Combination of primers in the multi-PRC reaction system of three combinations of table 2
Group number Primer is to title
First group Bromp2b-4 and Bromp2b-D Yppla-2 and Yppla-C Ftfop-1 and Ftfop-D Bapa-1 and Bapa-A Coxb34kd-3 and Coxb34kd-D Rricompb-3 and Rricompb-C
Second group Ypcalf-2 and Ypcalf-B Bra31kd-3 and Bra31kd-C Ft23kd-3 and Ft23kd-B Coxb27kd-5 and Coxb27kd-C Rpglta-1 and Rpglta-A Bpfur-2 and Bpfur-A
The 3rd group Bra31kd-3 and Bra31kd-C Balf-1 and Balf-B Rric190kd-1 and Rric190kd-A Rickpor-Rpa-3 and Rickpor-Rpa-C Bpsl1705-F and Bpsl1705-R Yppla-2 and Yppla-C
(2) chip detection of sequence to be checked:, all use three groups of multiplex PCR systems (seeing Table 2) to increase for DNA (eight kinds of DNA of bacteria of the said extracted) template of bacterial strain to be checked.Every group of multiplex PCR system is, in 30 μ l amplification systems, (six pairs of upstream and downstream primer concentrations are respectively 10 μ mol/L to 10 * PCR Master Mix, dATP, dTTP, dGTP concentration are 0.8mmol/L, the concentration of dCTP is 0.6mmol/L, and Cy5-dCTP concentration is 0.2mmol/L, 100mmol/L Tris-HCl, 50mmol/L KCl, 20mmol/L MgCl 2, 0.1%BSA, pH 8.3) 3 μ l, Taq archaeal dna polymerase (Promega company) 1.5U/ μ l, template DNA solution 5 μ l to be checked (all being 10ng/ μ l), the sterilization deionized water is supplied reaction system; Adopt PE2400DNA thermal cycler (PE).Setting program is as follows: 94 ℃ of pre-sex change 3min of elder generation; 94 ℃ of sex change 50s then, 58 ℃ of annealing 50s, 72 ℃ are extended 50s, carry out 35 circulations; The last 5min that extends eventually.After amplified reaction finishes three groups of amplified productions are mixed, utilize Amicon Microcon-PCR purification kit (available from Millipore company) to carry out purifying, final elution volume is 30 μ l, gets 99 ℃ of sex change 10min of 15 μ l purified products, ice bath quenching 2min; With 15 μ l2 * hybridization solutions (10 * SSC, 0.04%SDS, 200 μ g/ μ l salmon sperm dnas, 10% T 500) mixing, be positioned in the hybridizing box of built-in chip again, place 65 ℃ of hybridization of hybrid heater 45min.Chip after the hybridization use successively washing lotion A (20 * SSC, 10%SDS), washing lotion B (20 * SSC), respectively wash 3min, 3min, 1min among the washing lotion C (95% ethanol).The chip that washing is finished places in GenePix Pro 4.1 scanners (Axon Instruments), and scan channel and sweep time are set, and carries out result's scanning.When the fluorescence reading of signaling point is higher than background reading 8000 when above, can see clear, bright hybridization point among the result, as the standard of judging negative and positive signal, the fluorescence reading value is high more with this, and then the brightness of hybridization is big more, and expression signal is strong more.
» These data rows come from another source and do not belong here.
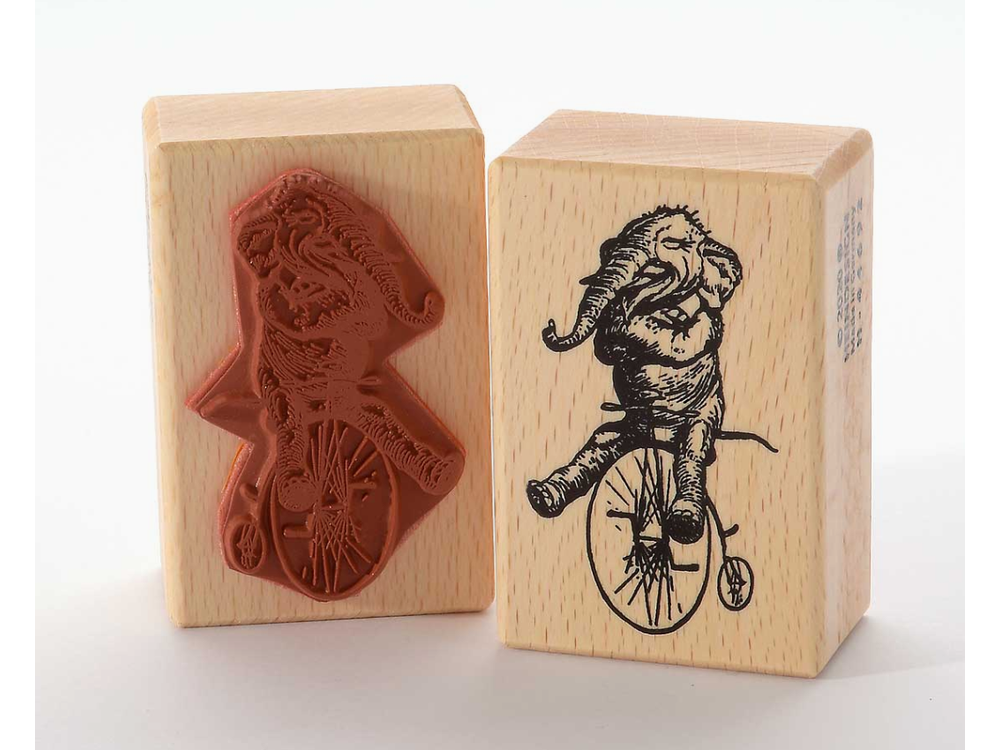 Heindesign Rubber Stamp - Elephant On a Bicycle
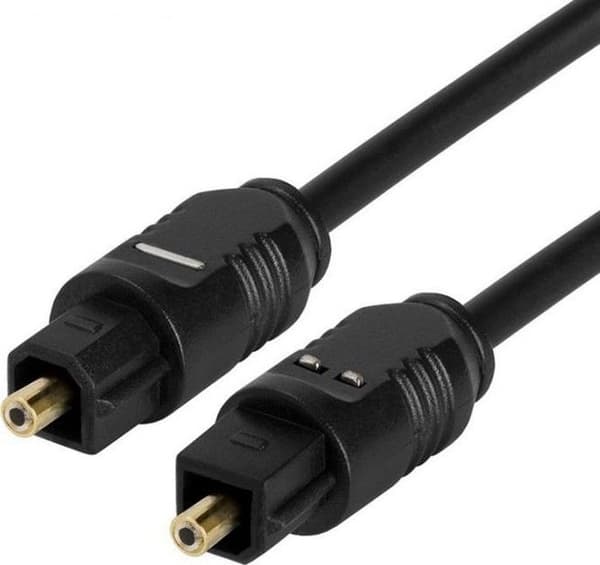 Kabel Mozos Toslink - Toslink 1,8m sort (KO-1)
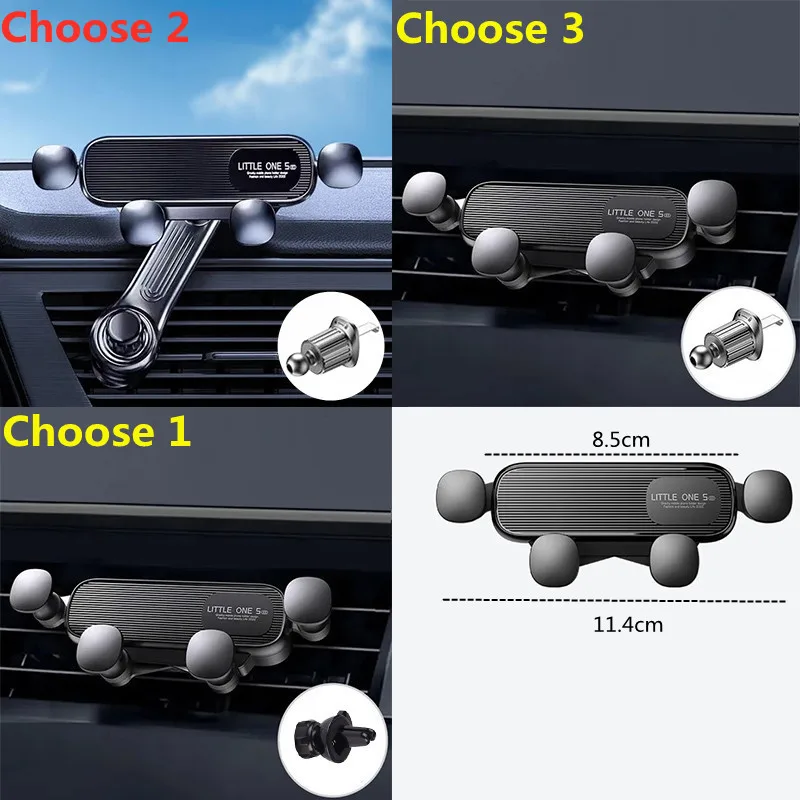 Gravity Car Phone Holder Air Vent Clip Mount Mobile Cell Phone Stand In Car GPS Support For iPhone 13 12Pro Xiaomi Samsung Phone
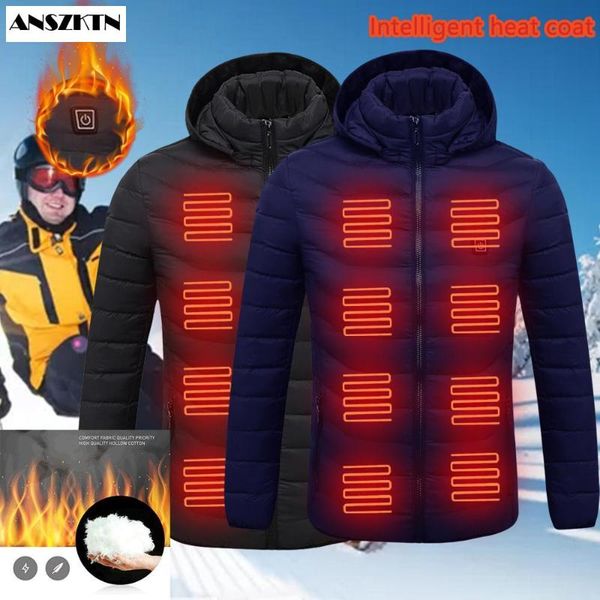men's down & parkas men winter usb heating jackets smart thermostat women warm hooded heated clothing fever 8 places cotton-padded jack, Black
men's down & parkas men winter usb heating jackets smart thermostat women warm hooded heated clothing fever 8 places cotton-padded jack, Black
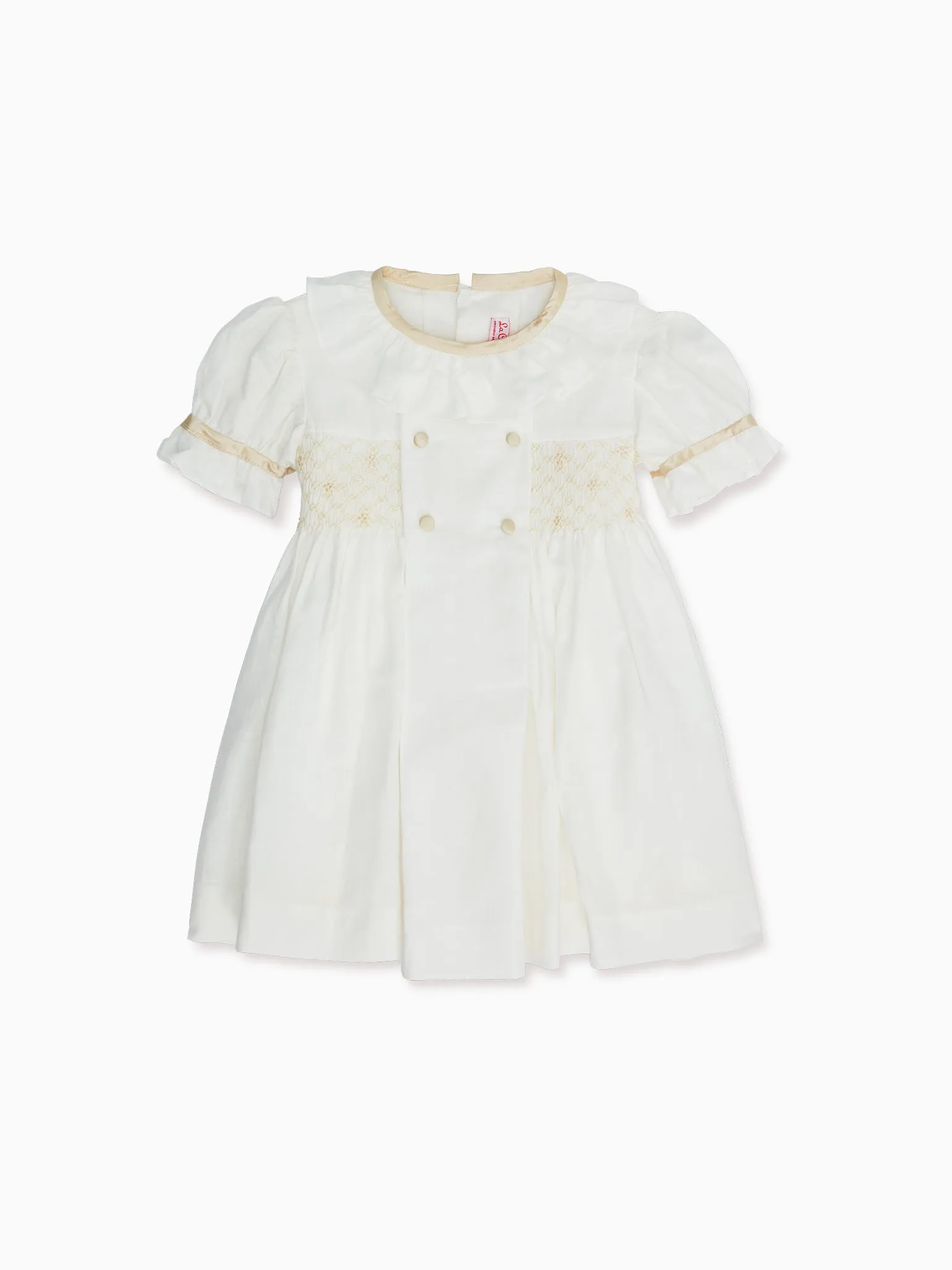 Ivory Santina Smock Ceremony Girl Dress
Embodiment 2, utilize the experimental verification of chip that embodiment prepares to eight kinds of bioterror related pathogen bacterias
One, the detection of Yersinia pestis (Yersinia pestis)
1, specificity experiment
Yersinia pestis to extract respectively, artificial tuberculosis yersinia genus, diphtheria corynebacterium, the DNA of streptococcus aureus or Salmonella typhi is as template, utilize primer in the table 2 of (1) of embodiment 1 step 2 to combination, method according to (2) of embodiment 1 step 2, each bacterium carries out three groups of multiplex PCRs respectively separately, three groups of amplified productions with each bacterium after amplified reaction finishes mix respectively separately, according to the method for (2) of embodiment 1 step 2 respectively with embodiment 1 in the DNA chip hybridization of preparation, the result as shown in Figure 4, the template that shows Yersinia pestis can produce positive signal at correct probe location (expecting that two probes have hybridization signal), and artificial tuberculosis yersinia genus, diphtheria corynebacterium, the template of streptococcus aureus and Salmonella typhi does not all have the specific hybridization signal and produces, and the DNA chip of visible embodiment 1 preparation detects for Yersinia pestis has good specificity.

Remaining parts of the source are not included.